León. Por Raúl Saucedo

La estrategia de la supervivencia

El pontificado de León XIII se desplegó en un tablero político europeo en ebullición. La unificación italiana, que culminó con la pérdida de los Estados Pontificios, dejó una herida abierta.

Lejos de replegarse, León XIII orquestó una diplomacia sutil y multifacética. Buscó alianzas —incluso improbables— para defender los intereses de la Iglesia. Su acercamiento a la Alemania de Bismarck, por ejemplo, fue un movimiento pragmático para contrarrestar la influencia de la Tercera República Francesa, percibida como hostil.

Rerum Novarum no fue solo un documento social, sino una intervención política estratégica. Al ofrecer una alternativa al socialismo marxista y al liberalismo salvaje, León XIII buscó ganar influencia entre la creciente clase obrera, producto de la Revolución Industrial. La Iglesia se posicionó como mediadora, un actor crucial en la resolución de la “cuestión social”. Su llamado a la justicia y la equidad resonó más allá de los círculos católicos, influyendo en la legislación laboral de varios países.

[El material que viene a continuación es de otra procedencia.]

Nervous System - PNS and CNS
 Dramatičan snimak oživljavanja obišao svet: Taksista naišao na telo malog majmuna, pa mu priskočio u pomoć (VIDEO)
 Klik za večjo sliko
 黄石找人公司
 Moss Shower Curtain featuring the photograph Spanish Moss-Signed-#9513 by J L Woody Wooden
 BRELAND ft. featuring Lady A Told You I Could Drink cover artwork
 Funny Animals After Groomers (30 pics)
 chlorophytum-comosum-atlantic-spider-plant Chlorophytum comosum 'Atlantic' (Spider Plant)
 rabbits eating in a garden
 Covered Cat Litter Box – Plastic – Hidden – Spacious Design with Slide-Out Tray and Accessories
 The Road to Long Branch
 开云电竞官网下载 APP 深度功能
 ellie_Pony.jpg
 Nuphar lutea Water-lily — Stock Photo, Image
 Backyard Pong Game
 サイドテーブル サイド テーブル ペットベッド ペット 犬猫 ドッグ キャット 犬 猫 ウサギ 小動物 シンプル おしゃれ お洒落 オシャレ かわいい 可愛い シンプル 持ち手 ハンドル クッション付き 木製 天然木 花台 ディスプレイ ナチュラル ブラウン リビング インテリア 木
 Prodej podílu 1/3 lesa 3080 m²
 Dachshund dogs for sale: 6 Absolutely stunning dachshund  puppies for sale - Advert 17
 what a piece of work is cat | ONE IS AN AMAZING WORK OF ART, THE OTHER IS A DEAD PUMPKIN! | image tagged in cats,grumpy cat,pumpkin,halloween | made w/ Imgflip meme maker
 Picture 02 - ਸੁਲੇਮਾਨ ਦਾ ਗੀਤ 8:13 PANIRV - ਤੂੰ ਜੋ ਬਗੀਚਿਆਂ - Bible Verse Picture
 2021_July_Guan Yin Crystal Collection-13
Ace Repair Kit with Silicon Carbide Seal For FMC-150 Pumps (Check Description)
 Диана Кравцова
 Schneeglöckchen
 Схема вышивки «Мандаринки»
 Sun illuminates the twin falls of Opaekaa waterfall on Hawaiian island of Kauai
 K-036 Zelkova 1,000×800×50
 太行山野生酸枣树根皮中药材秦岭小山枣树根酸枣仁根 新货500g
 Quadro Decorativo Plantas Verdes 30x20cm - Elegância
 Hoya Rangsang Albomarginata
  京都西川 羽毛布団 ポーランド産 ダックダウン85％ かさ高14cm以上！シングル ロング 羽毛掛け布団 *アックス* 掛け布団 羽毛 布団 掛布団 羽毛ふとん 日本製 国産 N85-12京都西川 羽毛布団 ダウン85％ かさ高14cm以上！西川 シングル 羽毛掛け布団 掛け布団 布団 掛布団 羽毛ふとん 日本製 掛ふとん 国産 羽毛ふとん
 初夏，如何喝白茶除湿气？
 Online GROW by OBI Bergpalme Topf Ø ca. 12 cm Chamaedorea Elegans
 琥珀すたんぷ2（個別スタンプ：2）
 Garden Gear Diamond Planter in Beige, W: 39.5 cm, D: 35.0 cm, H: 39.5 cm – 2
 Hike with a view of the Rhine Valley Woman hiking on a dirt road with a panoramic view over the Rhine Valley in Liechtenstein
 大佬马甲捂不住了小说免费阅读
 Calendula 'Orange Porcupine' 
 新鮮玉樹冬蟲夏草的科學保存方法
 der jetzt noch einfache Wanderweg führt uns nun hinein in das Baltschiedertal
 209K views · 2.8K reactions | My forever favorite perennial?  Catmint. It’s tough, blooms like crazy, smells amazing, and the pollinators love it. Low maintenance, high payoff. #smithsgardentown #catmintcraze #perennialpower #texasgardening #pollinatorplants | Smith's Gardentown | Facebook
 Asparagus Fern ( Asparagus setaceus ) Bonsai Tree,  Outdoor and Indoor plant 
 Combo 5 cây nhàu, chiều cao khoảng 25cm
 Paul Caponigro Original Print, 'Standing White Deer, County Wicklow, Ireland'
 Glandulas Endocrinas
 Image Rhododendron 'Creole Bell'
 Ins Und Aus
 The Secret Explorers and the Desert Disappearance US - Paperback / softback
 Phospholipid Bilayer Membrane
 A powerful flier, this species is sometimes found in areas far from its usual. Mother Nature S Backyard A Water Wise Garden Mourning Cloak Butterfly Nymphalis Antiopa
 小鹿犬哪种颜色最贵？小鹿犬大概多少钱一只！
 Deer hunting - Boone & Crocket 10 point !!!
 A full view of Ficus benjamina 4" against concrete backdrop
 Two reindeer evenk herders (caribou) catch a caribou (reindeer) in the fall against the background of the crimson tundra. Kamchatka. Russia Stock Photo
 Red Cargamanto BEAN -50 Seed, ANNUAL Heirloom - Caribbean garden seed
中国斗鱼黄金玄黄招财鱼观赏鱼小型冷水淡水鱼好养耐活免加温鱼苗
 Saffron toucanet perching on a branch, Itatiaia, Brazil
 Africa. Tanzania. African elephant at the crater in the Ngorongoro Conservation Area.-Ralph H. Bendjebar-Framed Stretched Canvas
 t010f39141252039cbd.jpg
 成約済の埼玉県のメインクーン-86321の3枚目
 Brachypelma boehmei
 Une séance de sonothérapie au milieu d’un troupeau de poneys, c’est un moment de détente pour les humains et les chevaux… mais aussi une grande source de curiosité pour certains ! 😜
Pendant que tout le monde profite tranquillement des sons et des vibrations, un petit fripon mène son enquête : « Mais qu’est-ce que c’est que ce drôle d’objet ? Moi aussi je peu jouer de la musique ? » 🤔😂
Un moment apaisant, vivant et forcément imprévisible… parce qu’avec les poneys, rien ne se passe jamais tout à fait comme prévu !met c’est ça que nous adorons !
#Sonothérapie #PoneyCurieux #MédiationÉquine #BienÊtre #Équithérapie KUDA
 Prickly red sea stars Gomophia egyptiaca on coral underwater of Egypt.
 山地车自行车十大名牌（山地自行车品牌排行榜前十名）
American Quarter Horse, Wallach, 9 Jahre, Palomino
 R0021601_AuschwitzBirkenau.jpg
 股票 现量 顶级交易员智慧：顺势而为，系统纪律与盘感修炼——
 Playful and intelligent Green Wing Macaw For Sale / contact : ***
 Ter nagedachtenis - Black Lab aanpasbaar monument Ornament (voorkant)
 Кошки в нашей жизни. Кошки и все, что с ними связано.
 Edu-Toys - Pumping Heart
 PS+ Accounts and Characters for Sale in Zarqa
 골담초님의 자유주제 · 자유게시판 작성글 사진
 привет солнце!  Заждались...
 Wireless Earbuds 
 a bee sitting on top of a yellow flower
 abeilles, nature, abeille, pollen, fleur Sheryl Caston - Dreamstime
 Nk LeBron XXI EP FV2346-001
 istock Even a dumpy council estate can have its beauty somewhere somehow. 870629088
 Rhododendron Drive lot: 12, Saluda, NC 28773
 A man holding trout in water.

León XIII comprendió el poder de la prensa y de la opinión pública. Fomentó la creación de periódicos y revistas católicas, con el objetivo de influir en el debate público. Su apertura a la investigación histórica, al permitir el acceso a los archivos vaticanos, también fue un movimiento político, orientado a proyectar una imagen de la Iglesia como defensora de la verdad y del conocimiento.

Ahora, trasladémonos al siglo XXI. Un nuevo papa —León XIV— se enfrentaría a un panorama político global fragmentado y polarizado. La crisis de la democracia liberal, el auge de los populismos y el resurgimiento de los nacionalismos plantean desafíos inéditos.

El Vaticano, como actor global en un mundo multipolar, debería —bajo el liderazgo de León XIV— navegar las relaciones con potencias emergentes como China e India, sin descuidar el diálogo con Estados Unidos y Europa. La diplomacia vaticana podría desempeñar un papel crucial en la mediación de conflictos regionales, como la situación en Ucrania o las tensiones en Medio Oriente.

La nueva “cuestión social”: la desigualdad económica, exacerbada por la globalización y la automatización, exige una respuesta política. Un León XIV podría abogar por un nuevo pacto social que garantice derechos laborales, acceso a la educación y a la salud, y una distribución más justa de la riqueza. Su voz podría influir en el debate sobre la renta básica universal, la tributación de las grandes corporaciones y la regulación de la economía digital.

La ética en la era digital: la desinformación, la manipulación algorítmica y la vigilancia masiva representan serias amenazas para la democracia y los derechos humanos. León XIV podría liderar un debate global sobre la ética de la inteligencia artificial, la protección de la privacidad y el uso responsable de las redes sociales. Podría abogar por una gobernanza democrática de la tecnología, que priorice el bien común sobre los intereses privados.

El futuro de la Unión Europea: con la disminución de la fe en Europa, el papel del Vaticano se vuelve más complejo en la política continental. León XIV podría ser un actor clave en la promoción de los valores fundacionales de la Unión, y contribuir a dar forma a un futuro donde la fe y la razón trabajen juntas.

Un León XIV, por lo tanto, necesitaría ser un estratega político astuto, un líder moral visionario y un comunicador eficaz. Su misión sería conducir a la Iglesia —y al mundo— a través de un período de profunda incertidumbre, defendiendo la dignidad humana, la justicia social y la paz global.

Para algunos, el nombramiento de un nuevo papa puede significar la renovación de su fe; para otros, un evento geopolítico que suma un nuevo actor a la mesa de este mundo surrealista.